This secondary analysis used data from the BERLimmun cohort, a prospective registry including patients with MS, MOGAD, AQP4-NMOSD, isolated syndromes, and healthy controls. Eighteen clinical and patient-reported outcome measures (P(h)ROMs) covering cognition, mobility, fatigue, pain, mood, spasticity, and quality of life were analyzed. Variables with <30% missing data and <90% uniform responses were retained, standardized, and imputed. Pairwise Spearman correlations and hierarchical clustering were applied. Cluster-level composite scores were compared across diagnosis, sex, age, and disease-modifying therapy status to assess differential symptom patterns.

Hierarchical clustering of 193 items from 13 patient- and 5 physician-reported outcome measures identified 26 symptom clusters grouped into seven domains: motor–functional, cognitive–executive, mood–fatigue/psychosocial, sensory–pain, visual–oculomotor, autonomic/bladder–bowel, and composite/overlapping.

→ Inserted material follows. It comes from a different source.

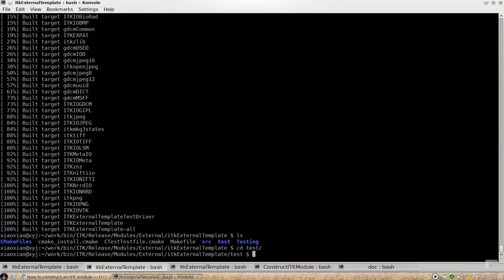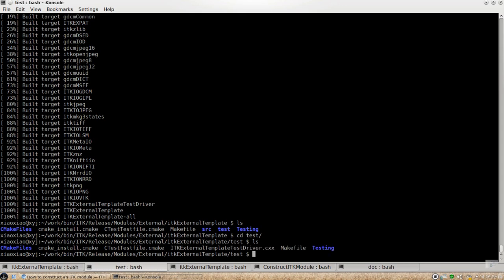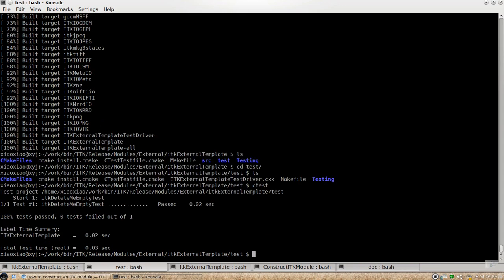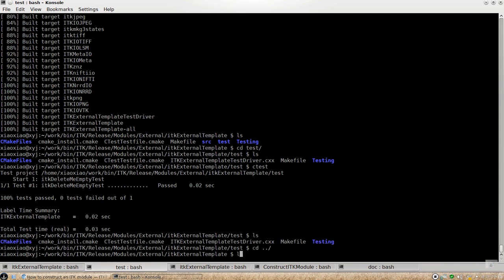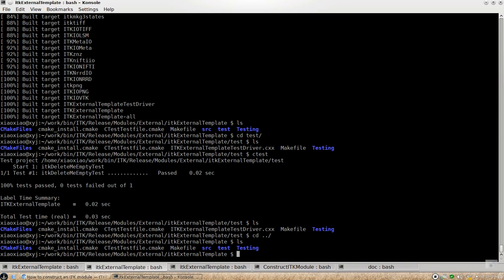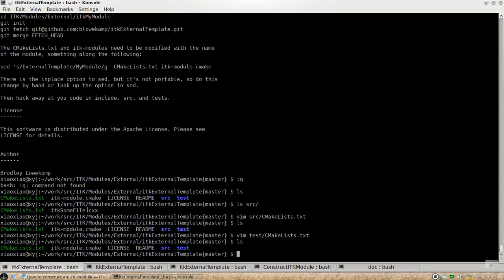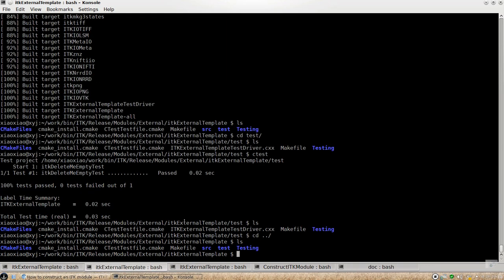And if you want to actually run the test, you can do C test here. And we do have a one empty test here and it's passing now.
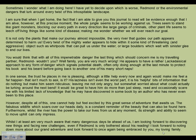'You would think that with all this impenetrable danger, the last thing which should concern me is my travelling partner, Redmond, wouldn't you? Well, family, you are very much wrong. He appears of a rather lackadaisical approach to any form of danger which signals potential death, often only doing enough at the last minute to protect his book and his beard before going back to another one of his many short naps. In one sense, the trust he places in me is pleasing, although a little help every now and again would make me feel far happier.' This part isn't directly from the text, but it shows I understand how the character thinks and feels — that's part of the 15 marks.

PROMs largely separated from PhROMs (MSFC, BICAMS, SARA, MOT) except for the EDSS, indicating complementary coverage. Specific PROMs (WALK12, BPI, ABCD) showed high domain specificity, while general disability scales (HALEMS, EQ5D5L, PROMIS) were broadly distributed. Fatigue divided into mental and physical components, and psychological symptoms (depression, self-blame, isolation, motivation) were dispersed across clusters. Traditional fatigue scales (FSMC, FSS) did not capture physical fatigue differences across diagnoses, while sexual and bladder–bowel domains varied by diagnosis, age, and disease duration.

Hierarchical clustering of PROMs and clinical assessments revealed distinct yet overlapping symptom domains across MS, MOGAD, and AQP4-NMOSD. Item-level PROM analysis improved sensitivity to group differences and identified clinically relevant subsymptoms, supporting more precise disability assessment in neuroinflammatory diseases.